### WORK TO COMPLETE
Transcribe exactly, leaving out pictures, the lines from the one that holds "Χρυσοχοΐδης: Διαψεύδει τα" through the end of the data below, including both end lines and no others.

### MATERIAL SUPPLIED
------------------------------------------------------------------------
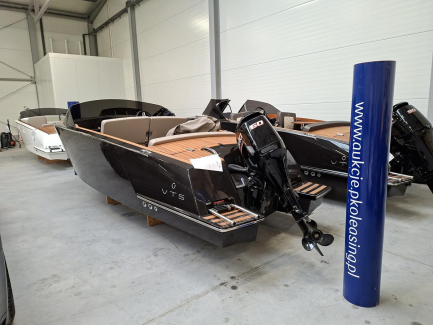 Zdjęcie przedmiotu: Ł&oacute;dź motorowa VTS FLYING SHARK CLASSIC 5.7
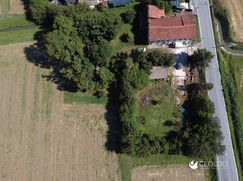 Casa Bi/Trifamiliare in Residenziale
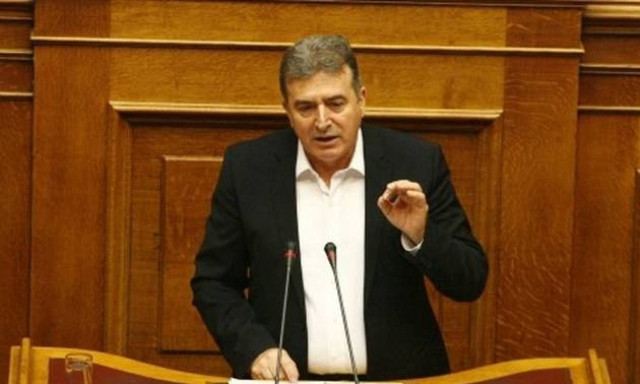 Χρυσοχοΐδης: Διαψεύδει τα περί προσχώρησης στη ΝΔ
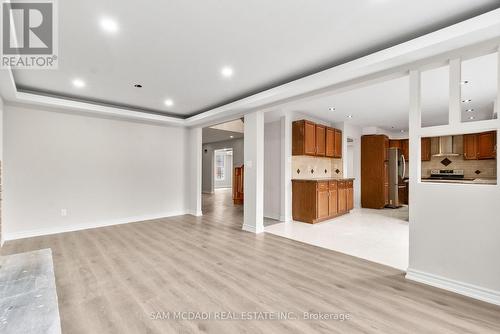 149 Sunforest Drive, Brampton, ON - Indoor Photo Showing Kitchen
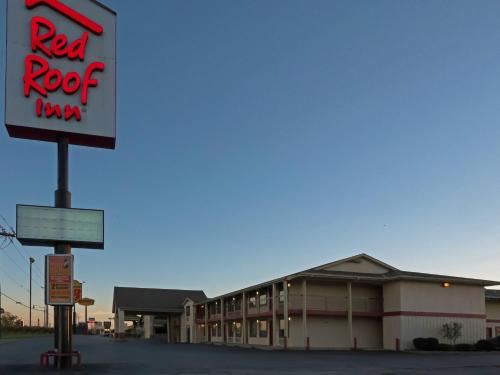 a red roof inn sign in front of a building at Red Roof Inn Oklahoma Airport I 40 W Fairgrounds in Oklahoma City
------------------------------------------------------------------------
### TASK RESULT
 Χρυσοχοΐδης: Διαψεύδει τα περί προσχώρησης στη ΝΔ
 149 Sunforest Drive, Brampton, ON - Indoor Photo Showing Kitchen
 a red roof inn sign in front of a building at Red Roof Inn Oklahoma Airport I 40 W Fairgrounds in Oklahoma City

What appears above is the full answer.